1861 Harper's Weekly drawing of federal soldiers searching
the home of rebellious Southern women for incriminating.
Since Missouri was “neutral” during the Civil War and it never formally ceded from the Union, there was an ironic divide within the state. And as we know, especially from recent history, great disagreements lead to even greater violence. As Confederate General Sterling Price recruited soldiers in Missouri, men reluctant to join the cause- and those with more radical tendencies- stayed away from organized service.

Charles R. Jennison’s raids on western Missouri in 1861 had enraged even neutral men. Missouri artist and Unionist George Caleb Bingham commented, “If Jennison were hung, General Sterling Price would lose the best recruiting agent he ever had.”

As the violence escalated on the border and these local groups of guerillas increased in size, infamous William Clarke Quantrill linked them together. Men and boys as young as 14 joined the guerilla bands to protect their countryside and their wives, mothers and children. 

. . .And to raid Kansas. 
Recruitment poster for Jennison's Jayhawkers, 1861
 In order to be successful, these guerillas needed aid and shelter in western Missouri.

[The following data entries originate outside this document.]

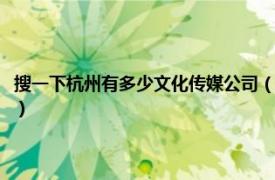 搜一下杭州有多少文化传媒公司（杭州网络传媒有限公司相关内容简介介绍）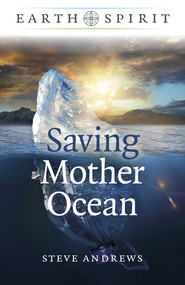Saving Mother Ocean by Steve Andrews, 9781789049657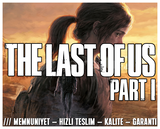 The Last Of Us 1 + 2 OYUN + KORUMA + GARANTİ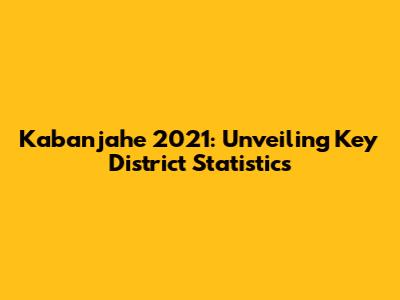 Kabanjahe 2021: Unveiling Key District Statistics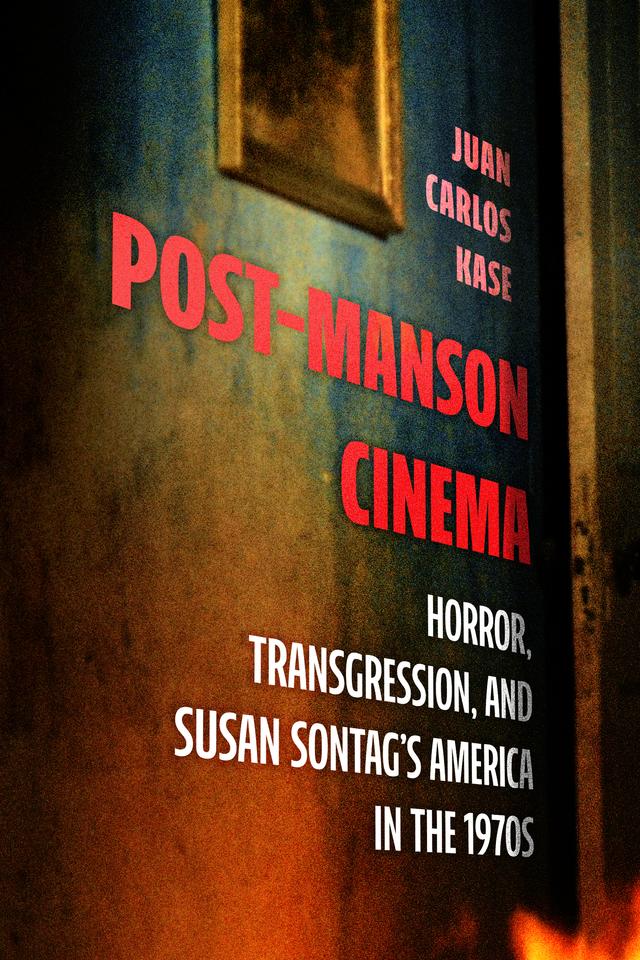 Post-Manson Cinema by Juan Carlos Kase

The Southern women and older men living in these counties were really left no choice; disagreeing with Quantrill or one of his men meant a quick burning of your home or possibly worse. Thus, the farms left in charge of women were refuge for these men living in hiding from Union forces- and it really didn't matter if they sided with the South or not.

Brig. Gen. Thomas Ewing felt this was the case; he knew quite well that women were aiding the enemy, oftentimes denying that they were at any fault. Most swore loyalty to the Union. Many had kin - including husbands, brothers and fathers – that were deeply involved in the Southern cause.

Women were second-class citizens. They had no choice but to follow along with sealed lips and heads down.

By the summer of 1863, the situation was clearly out of control. Ewing, stationed at Pacific House (still standing as a landmark in Kansas City) at 4th and Delaware, wrote to his commander, John M. Schofield, that the bushwhacker allies on the border were “actively and heartily engaging in feeding, clothing and sustaining them.” He believed that up to 2/3 of the people that lived within his military control were actively aiding the bushwhackers.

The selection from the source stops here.